The alternative view

By David Bain

When it comes to assets under management, few family offices get much bigger than Harald Quandt Holdings. The Bad Homburg-based investment house has more than $15 billion of assets under management in its various subsidiaries, which includes a sizable chunk at multifamily office HQ Trust.

“Quandt is big and prestigious,” says a family office specialist. “Few family offices carry the weight in financial markets that Quandt does.” By way of comparison, Fleming Family & Partners, the UK’s biggest multi-family office, has around $6 billion of assets under management.

That said, HQ Trust isn’t in a habit of telling the world about its size. Based in the small German spa town of Bad Homburg, discretion is very much uppermost in the ethos of the family office.

“We don’t need to be in a big financial centre to manage investments,” says Christian Stadermann, one of the two managing directors of HQ Trust. Nevertheless, just in case there is a need to make the occasional contact with a leading light in the world of German finance, Frankfurt, Germany’s largest financial centre, is just down the road. And Bad Homburg isn’t exactly some insignificant out of town suburb. In an area north of Frankfurt called Taunas, the spa town is rumoured to house more millionaires per capita than anywhere else in Germany.

Harald Quandt’s wealth is very much tied up with the huge economic revival that took place in Germany after World War II. The son of Günther Quandt, a textile tycoon who build up stakes in numerous companies in the hyperinflation years of the 1920s in Germany, including BMW and Daimler-Benz, Harald took much of this legacy and laid the foundations of the revival of BMW in the early 1960s, before he died in a plane crash in 1967.

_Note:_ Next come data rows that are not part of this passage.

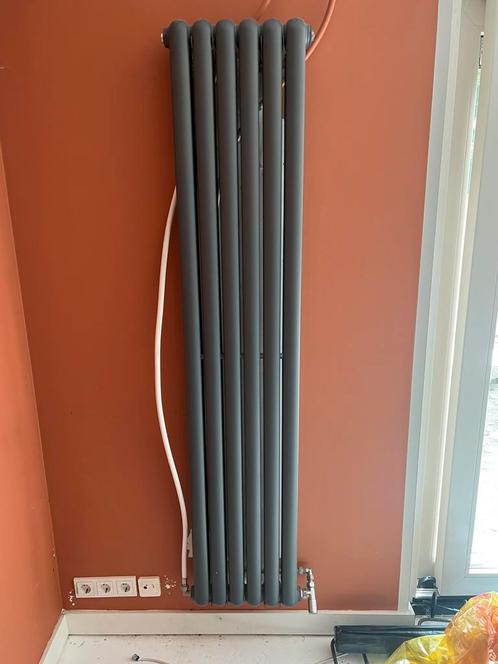Moderne Verticale Designradiator Antraciet 1800x354mm, Doe-het-zelf en Verbouw, Verwarming en Radiatoren, Zo goed als nieuw, Radiator
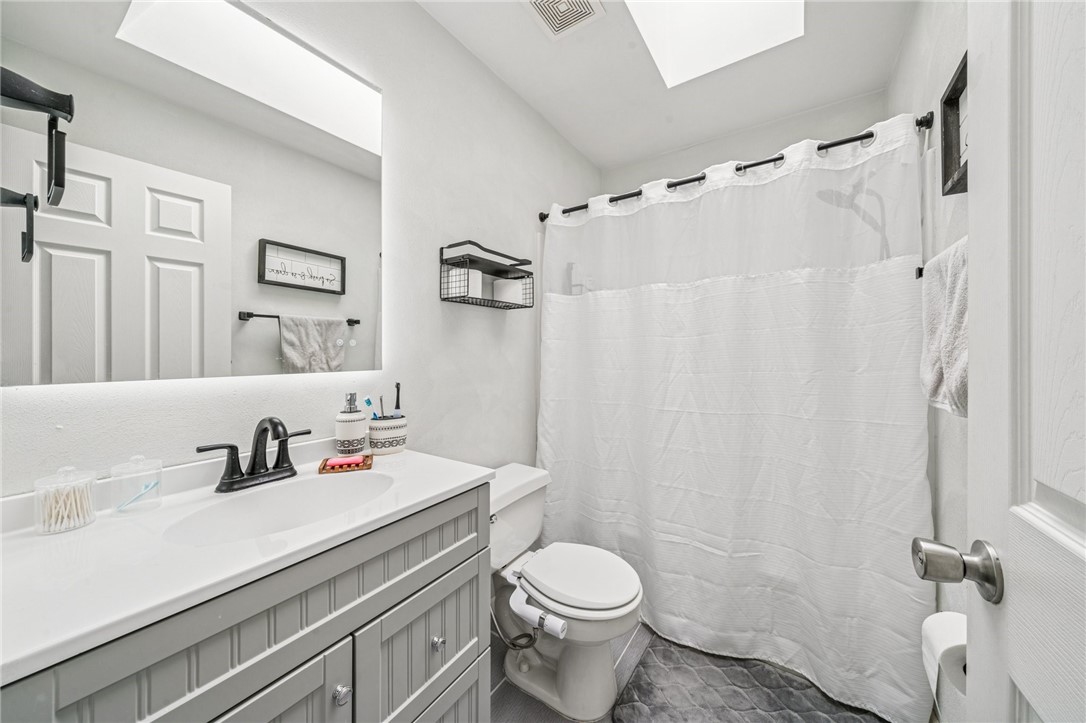 128 Barrington Rdg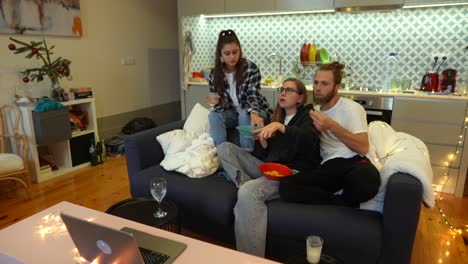 amigos viendo una película en casa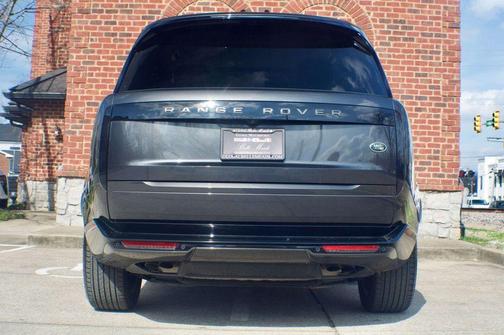 2023 Land Rover Range Rover P530 SE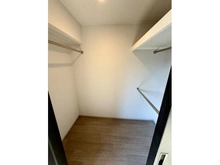 【京都府/京都市中京区河原町通二条下る】ジオ京都御池通 洋室：洋室(約8.4帖)ウォークインクローゼット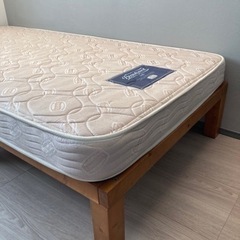 シモンズ マットレス&ベッドフレーム
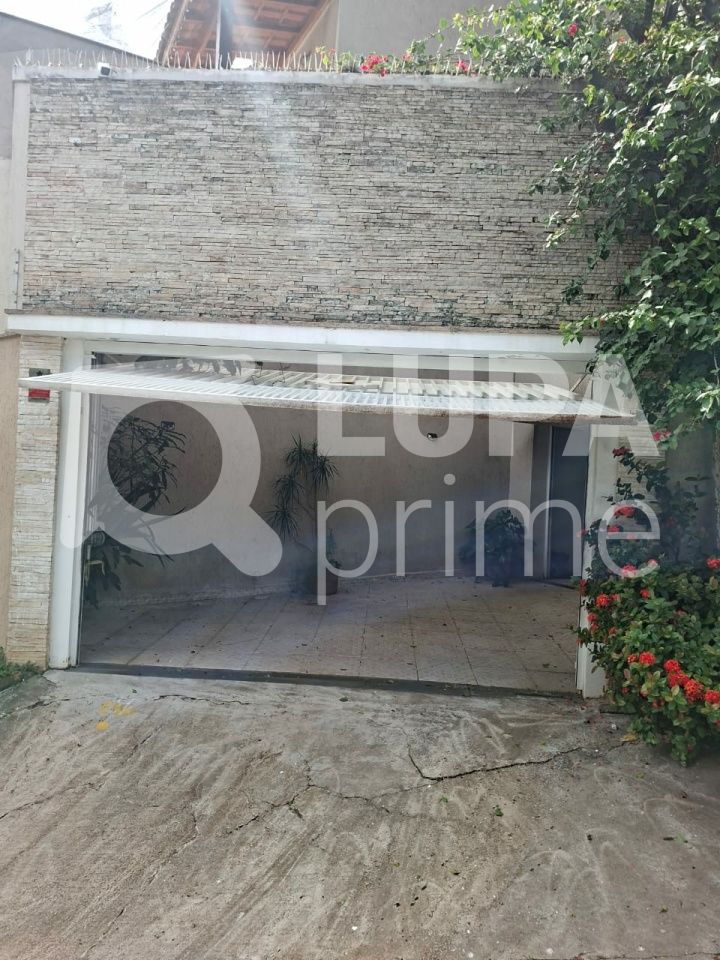 sobrado-venda-sao-paulo-agua-fria-3dormitorios-1suite-3vagas-230m2-LM29623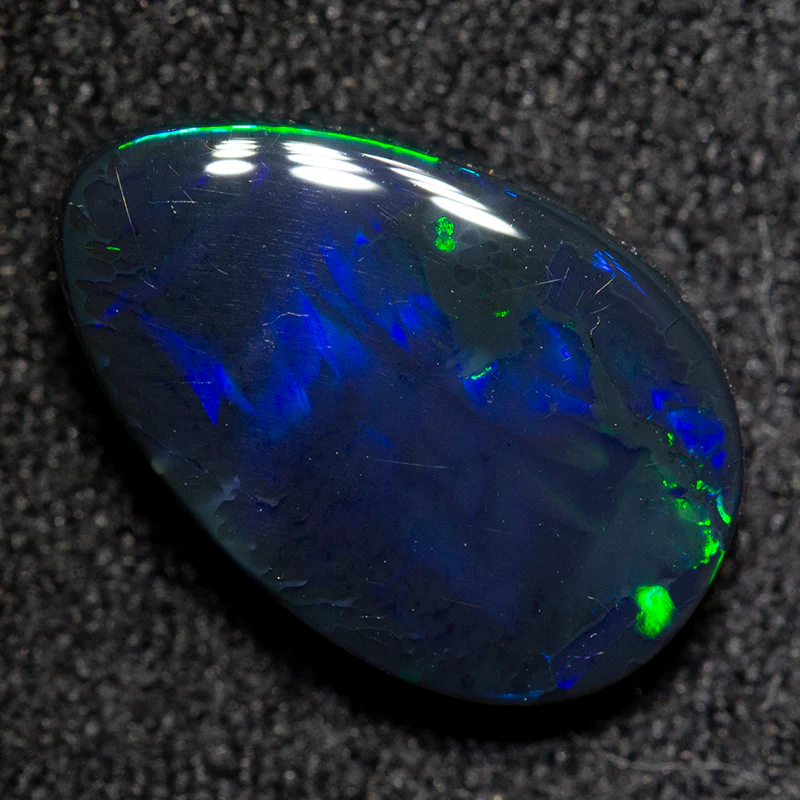 2.35 ct black opal 12x7.9x3.4mm - Image 5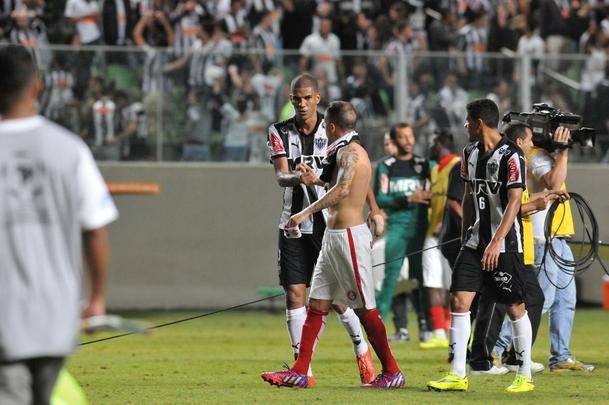Imagens do jogo entre Atltico e Internacional, no Independncia, pela Copa Libertadores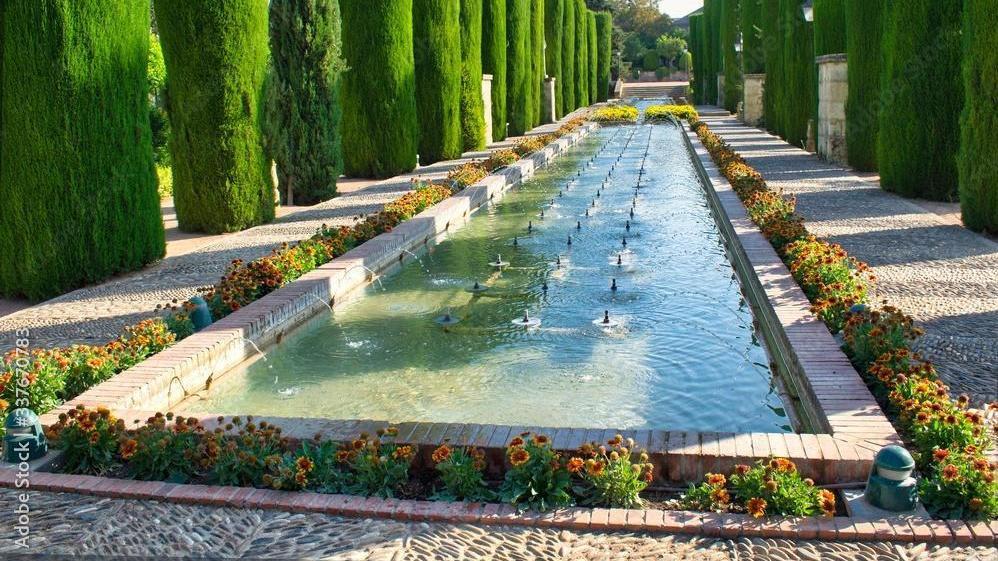 FUENTE ORNAMENTAL - PLAZA DEL AYUNTAMIENTO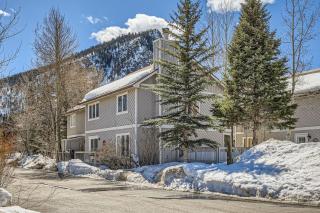 Charming 3 BDR for 8 in the Heart of the Rockies - 8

Together with his half-brother Herbert, the Quandt brothers were leading lights in the post-war economic miracle in West Germany.

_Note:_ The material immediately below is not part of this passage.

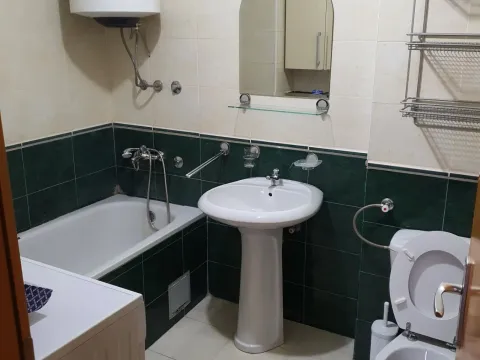 Prodaja, trosoban stan, 105m², Blok 6, Podgorica - image 8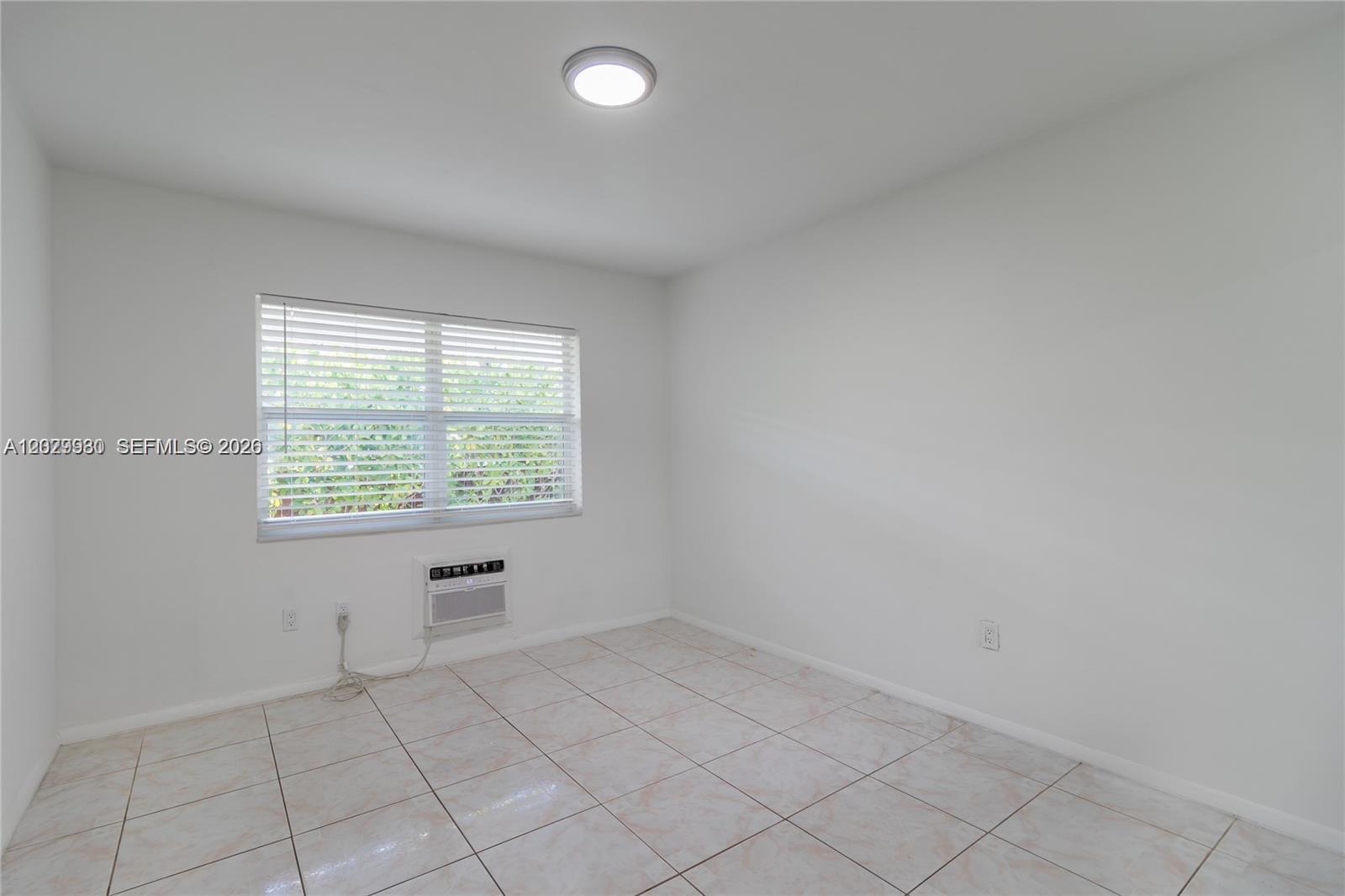 NORTH GATE - Residential Lease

Harald Quandt Holdings also developed a canny knack to make money through a host of financial instruments and deal making. The five daughters of Harald – who inherited the bulk of his fortune – committed to alternative strategies back in the late 1980s, way before many other investment groups were considering such strategies.

Bernhard Wunderlin and Axel May, who were hired by the family to head its investment efforts, drove the alternative agenda. The other part of the Quandt family fortune – the Herbert half – is managed by a single-family office based across the road from HQ Holdings.

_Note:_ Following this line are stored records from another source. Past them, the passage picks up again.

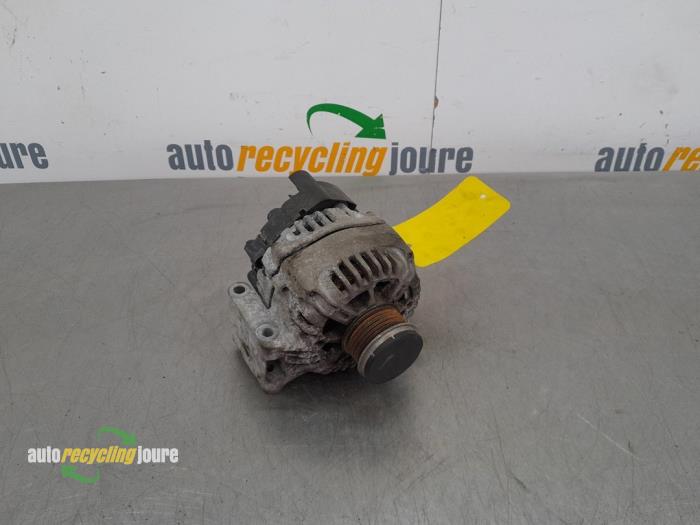 Begagnade Dynamo Fiat Punto Evo (199) 1.3 JTD Multijet 85 16V Euro 5 Pris € 34,99 Marginaltabell erbjuds av Autorecycling Joure B.V.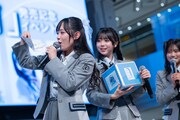 クジを引いた白石るり。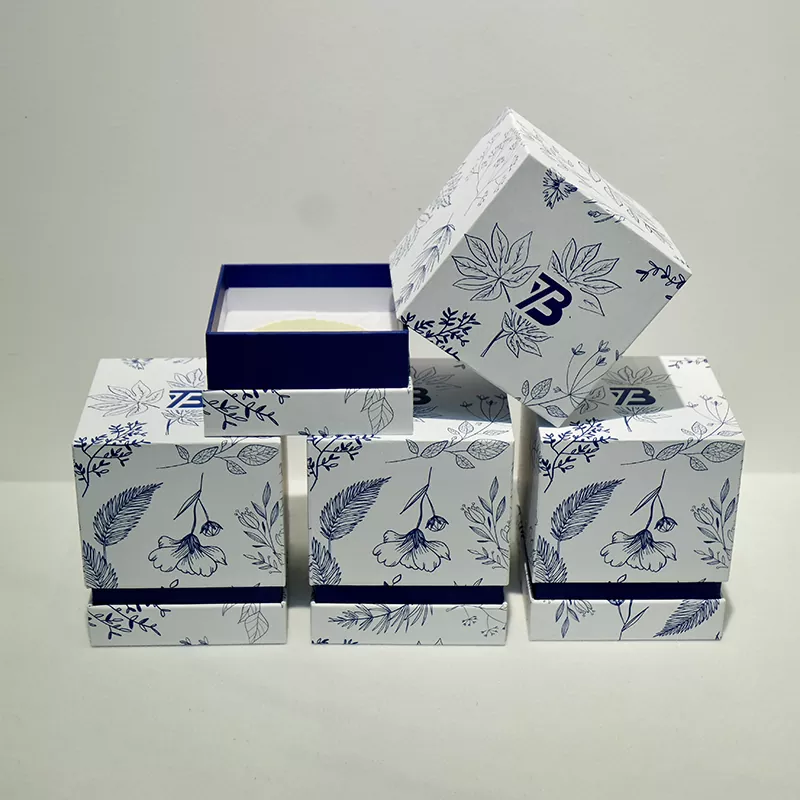 蓋付きギフトボックスにはどのような素材が使用されますか?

HQ Holdings’ alternative efforts are led by subsidiaries, including Auda, which was set up in 1989 in New York to underpin the family’s investments in the US and develop alternative investment strategies.

Much of Quandt’s hedge fund strategies were influenced by George Chacko, the ex professor of finance at Harvard Business School, who worked at Auda as chief investment officer. Quandt also launched Equita Management – a specialist investment firm targeting direct investment in midsized companies in German-speaking countries.

Equita gives investors the opportunity to co-invest with the Quandt family. Recent investments have included Schock, which invented the granite sink and led the development in the technology, and Flad & Flad, an ad agency.

HQ Trust was set up six years ago to add an additional resource to managing one part of the Quandt family fortune as well as to eventually open up the expertise and success to other wealthy families, following the model adapted by other subsidiaries at HQ Holdings.

That happened in 2009 after a prominent Germany family was a beneficiary of a substantial liquidity event. Stadermann wouldn’t say who the family was, but it must have been substantial, because HQ Trust now managers more money from third parties than the family.

The fact that an extremely wealthy family decided to place a large sum of money with HQ Trust in 2009, when the credit crisis was still bubbling away, suggests investor confidence in the Quandt investment vehicles is high.

Many wealthy families grew wary of their relations with their wealth manager during the financial crisis, which saw a wave of money moving away from some of the bigger providers.

Top end investment offices like Harald Quandt Holdings, particularly where there was an obvious link to the founding family, were beneficiaries of the exodus of money from many bigger providers.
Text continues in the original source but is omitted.